Qualquer nova tecnologia ou medicamento incorporado ao Sistema Único de Saúde (SUS) deve estar disponível aos pacientes em no máximo 180 dias após a decisão do Ministério da Saúde pela sua inclusão. A regra não é nova, mas segue sendo descumprida mesmo após dez anos da sua criação, em 2011. O atraso na oferta desses remédios e terapias prejudica tratamentos médicos.

O prazo de 180 dias entre a incorporação do medicamento e a chegada do produto para quem precisa foi definido no artigo 25 do Decreto Presidencial 7.646, de 21 de dezembro de 2011. Naquele mesmo ano, foi criada a Comissão Nacional de Incorporação de Tecnologias no SUS (Conitec), órgão responsável por dar recomendações técnicas ao Ministério da Saúde sobre a inclusão de novos medicamentos, exames e outros procedimentos no sistema público de saúde.

Diferentes pesquisas e levantamentos mostram, porém, que o desrespeito à regra ocorre na maioria dos processos e que o prazo entre a inclusão e oferta de uma nova tecnologia no SUS pode chegar a 1 314 dias – um atraso de três anos em relação ao estipulado em lei.

Em um relatório de avaliação sobre o processo de incorporação de tecnologias em saúde publicado em 2021, a Controladoria-Geral da União (CGU) estudou o caso de 25 medicamentos e constatou que nenhum foi disponibilizado no prazo previsto no decreto de 2011. A média de prazo entre a decisão de inclusão no SUS e a oferta na rede pública para esse conjunto de drogas foi de 624 dias.

Estudo publicado em maio de 2022 no periódico científico Ciência & Saúde Coletiva teve achados semelhantes.
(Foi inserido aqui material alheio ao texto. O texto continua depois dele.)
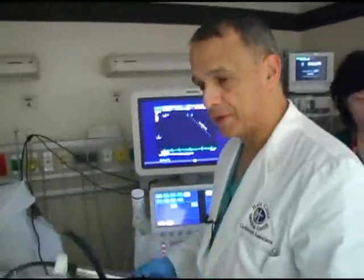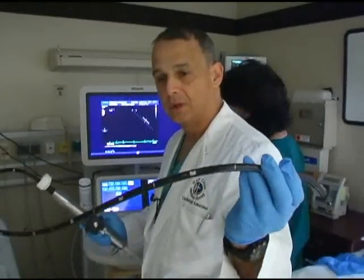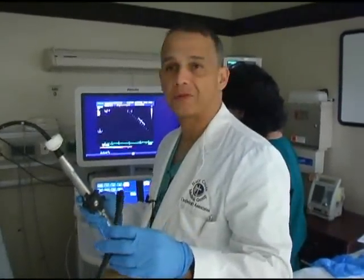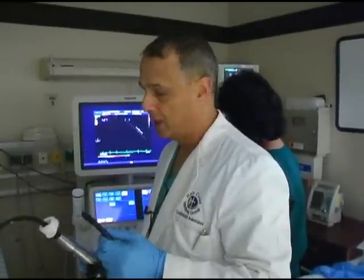The transesophageal probe is basically a sonographic transducer that is mounted on a flexible tubing, similar to what the gastroenterologists do when they do upper endoscopies. We're going to be inserting this through the mouth and into the esophagus and stomach to take pictures of the heart from different angles.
No trabalho, liderado pela pesquisadora Helaine Capucho, da Universidade de Brasília (UnB), foram avaliados os processos de incorporação de 46 medicamentos. A média de prazo entre a inclusão e a oferta no SUS foi de 762 dias (pouco mais de dois anos) para medicamentos oncológicos e 372 dias (cerca de um ano) para os demais.

Os exemplos foram listados em representação encaminhada ao Ministério Público Federal (MPF) em maio de 2022, pedindo a abertura de um inquérito civil para a apuração das irregularidades.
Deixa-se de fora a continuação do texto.